De vraag is echter of de manier waarop verdachte zich verdedigde proportioneel was. Hoewel de rechtbank van oordeel is dat verdachte op zich het recht had om zichzelf te verdedigen, stond het door verdachte gekozen verdedigingsmiddel en de wijze waarop hij dat heeft aangewend niet in redelijke verhouding tot de ernst van de (onmiddellijk dreigende) aanranding. Verdachte zwaaide immers met een mes, terwijl [slachtoffer] op dat moment nog ‘slechts’ op hem af kwam fietsen. De rechtbank vindt het gebruik van een mes in die omstandigheid niet aanvaardbaar en daarom disproportioneel. Dat verdachte heeft verklaard dat er tijdens de beroving gebruik is gemaakt van een mes, doet daar niet aan af.
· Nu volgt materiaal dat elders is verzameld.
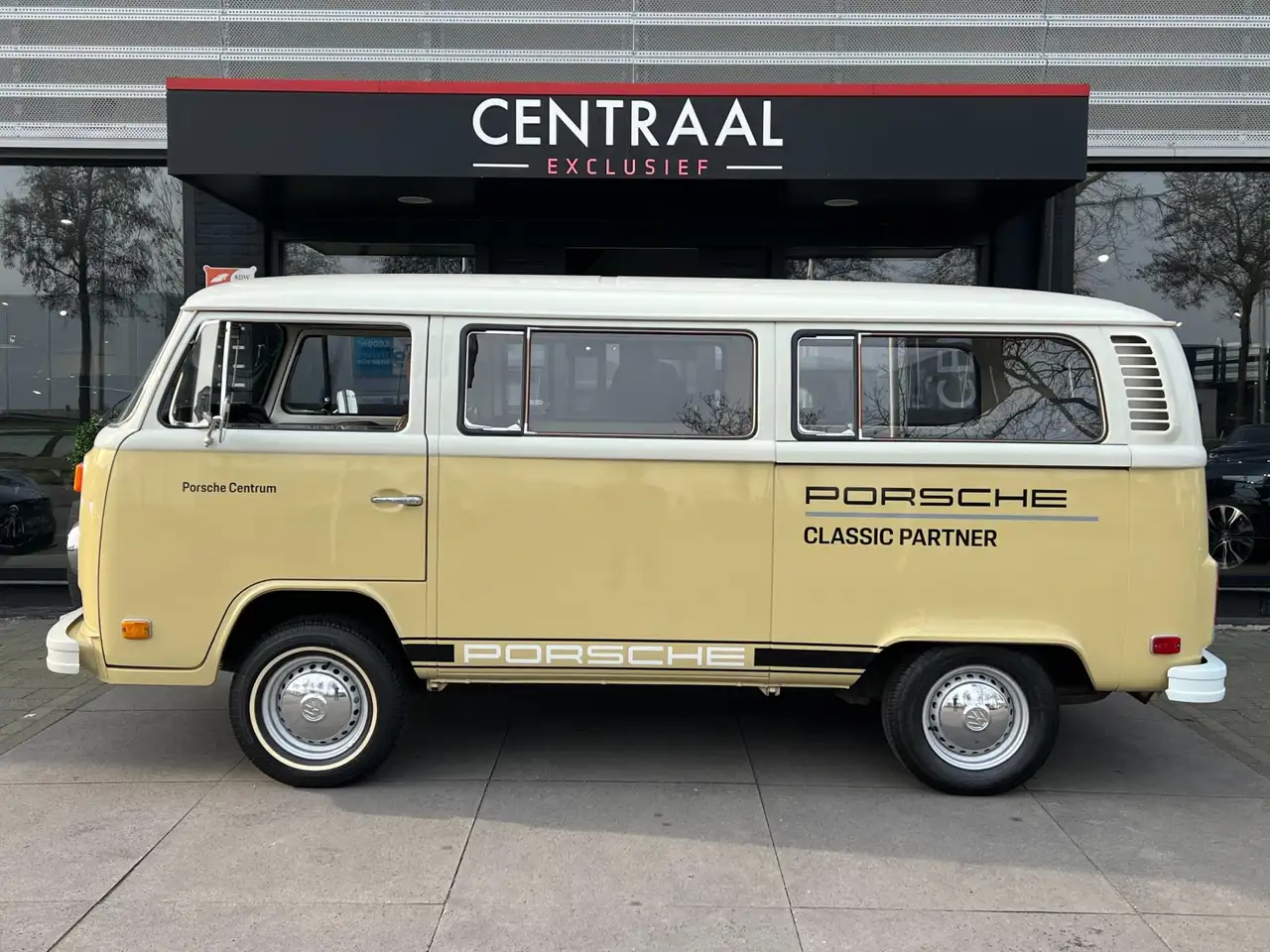 Volkswagen T2 7persoons, Uniek, foto 9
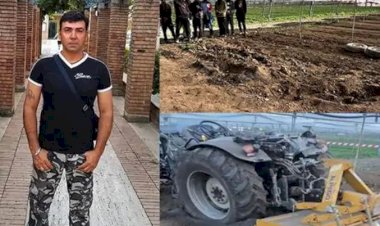 दुखद:इटली में पंजाबी व्यक्ति की मौत, खेत में काम करते समय ट्रैक्टर की चपेट में आया, कपूरथला का था निवासी, परिवार भी रहता था साथ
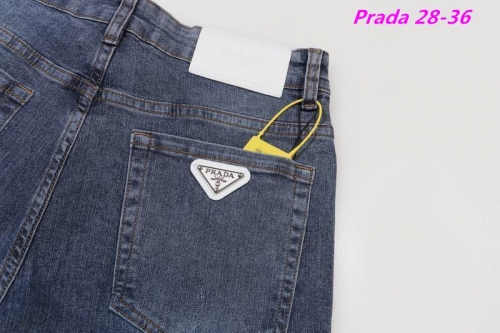 P.r.a.d.a. Long Jeans 1340 Men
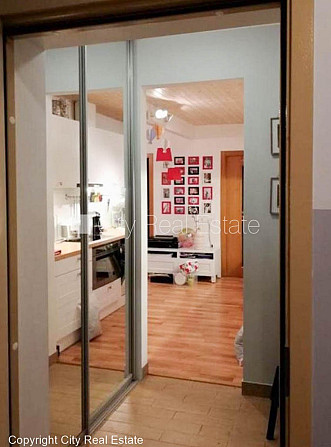 Новостройка, благоустроенная озеленённая территория, закрытая территория, Рига - изображение 13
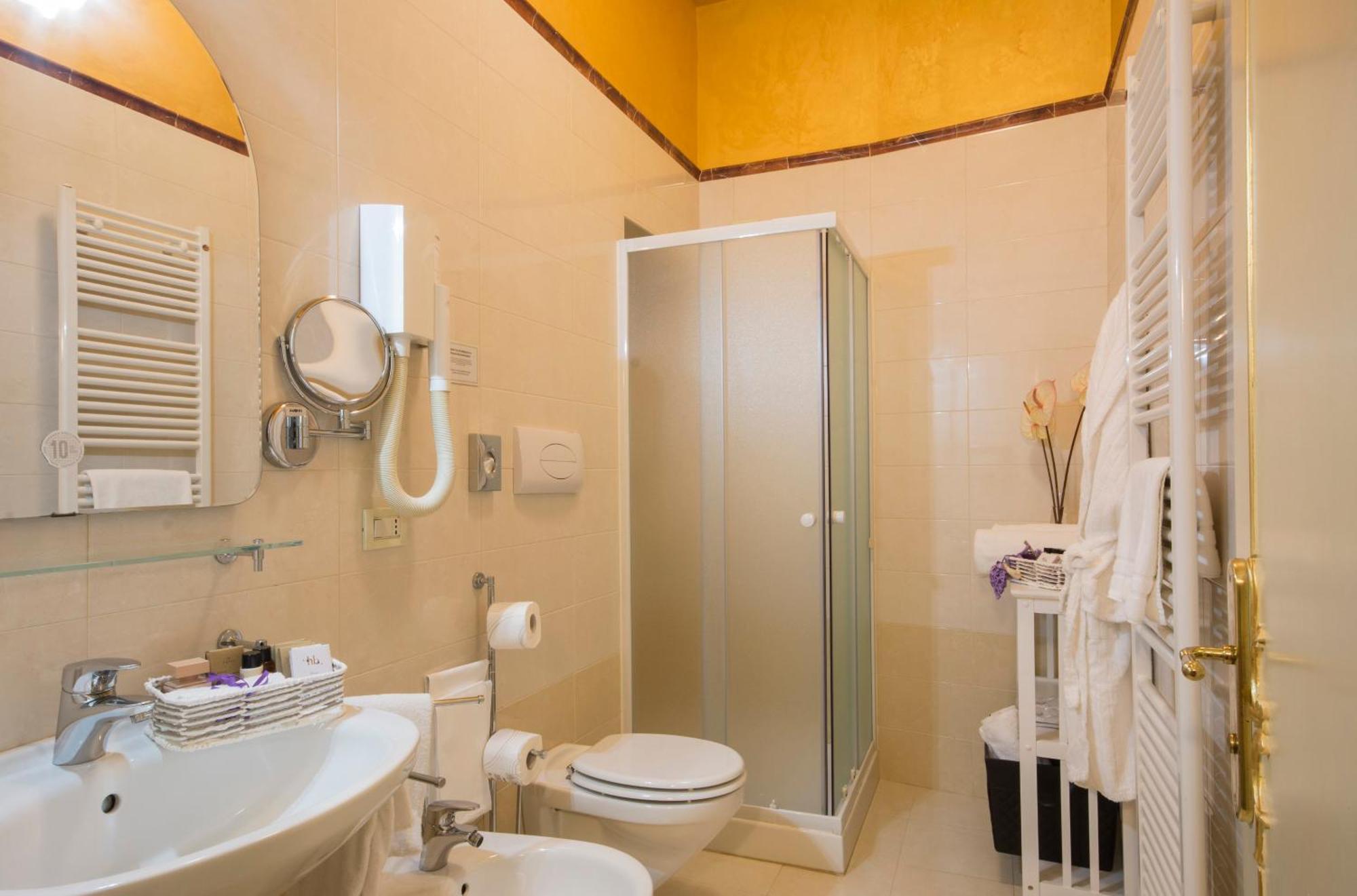 Chambre Double Supérieure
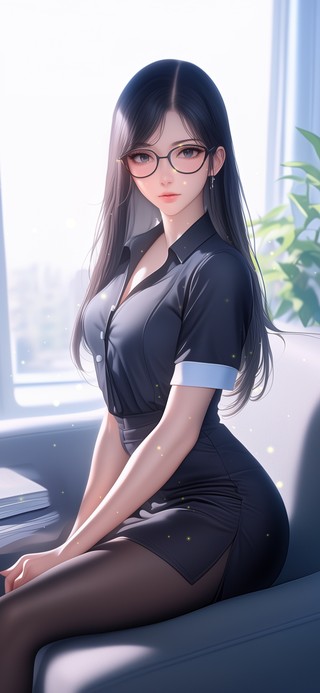 含情脉脉，偏胜春风数叶柔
Het beroep op noodweer slaagt om die reden niet en wordt verworpen.
De vraag die de rechtbank vervolgens moet beantwoorden is of verdachte gelet op de hiervoor omschreven situatie een beroep op noodweerexces toekomt.
Voor een geslaagd beroep op noodweerexces moet sprake zijn van een overschrijding van de grenzen van de noodzakelijke verdediging die het onmiddellijke gevolg is geweest van een hevige gemoedsbeweging, die is veroorzaakt door een onmiddellijke en wederrechtelijke aanranding.
De rechtbank heeft vastgesteld dat sprake is geweest van een voortdurende onmiddellijke en wederrechtelijke aanranding. De rechtbank acht ook aannemelijk dat deze aanranding een hevige gemoedsbeweging bij verdachte heeft veroorzaakt. Verdachte dacht in eerste instantie [naam] te ontmoeten, maar werd in plaats daarvan door [slachtoffer] en [medeverdachte] aangevallen en beroofd van zijn PlayStation in een onbekende, donkere omgeving. Volgens verdachte werd er bij de beroving gebruikgemaakt van een mes. Verdachte verklaarde dat er, op het moment dat [slachtoffer] op hem af kwam fietsen, een angst door hem heenging en dat hij niet wist wat hij moest doen. Op het moment dat [slachtoffer] erg dicht bij verdachte was, voelde verdachte zich bedreigd en heel erg angstig. Als gevolg van die hevige gemoedsbeweging heeft verdachte zijn mes uit zijn jaszak gegrepen en geprobeerd [slachtoffer] met een zwaai met dit mes van zich af te houden, waarbij hij [slachtoffer] (achteraf bezien) heeft geraakt.
De rechtbank acht het aannemelijk dat de overschrijding van de grenzen van de noodzakelijke verdediging een onmiddellijk gevolg is geweest van de hiervoor omschreven hevige gemoedsbeweging van verdachte. Dat betekent dat het beroep op noodweerexces slaagt. De rechtbank acht verdachte dan ook niet strafbaar en zal verdachte ontslaan van alle rechtsvervolging.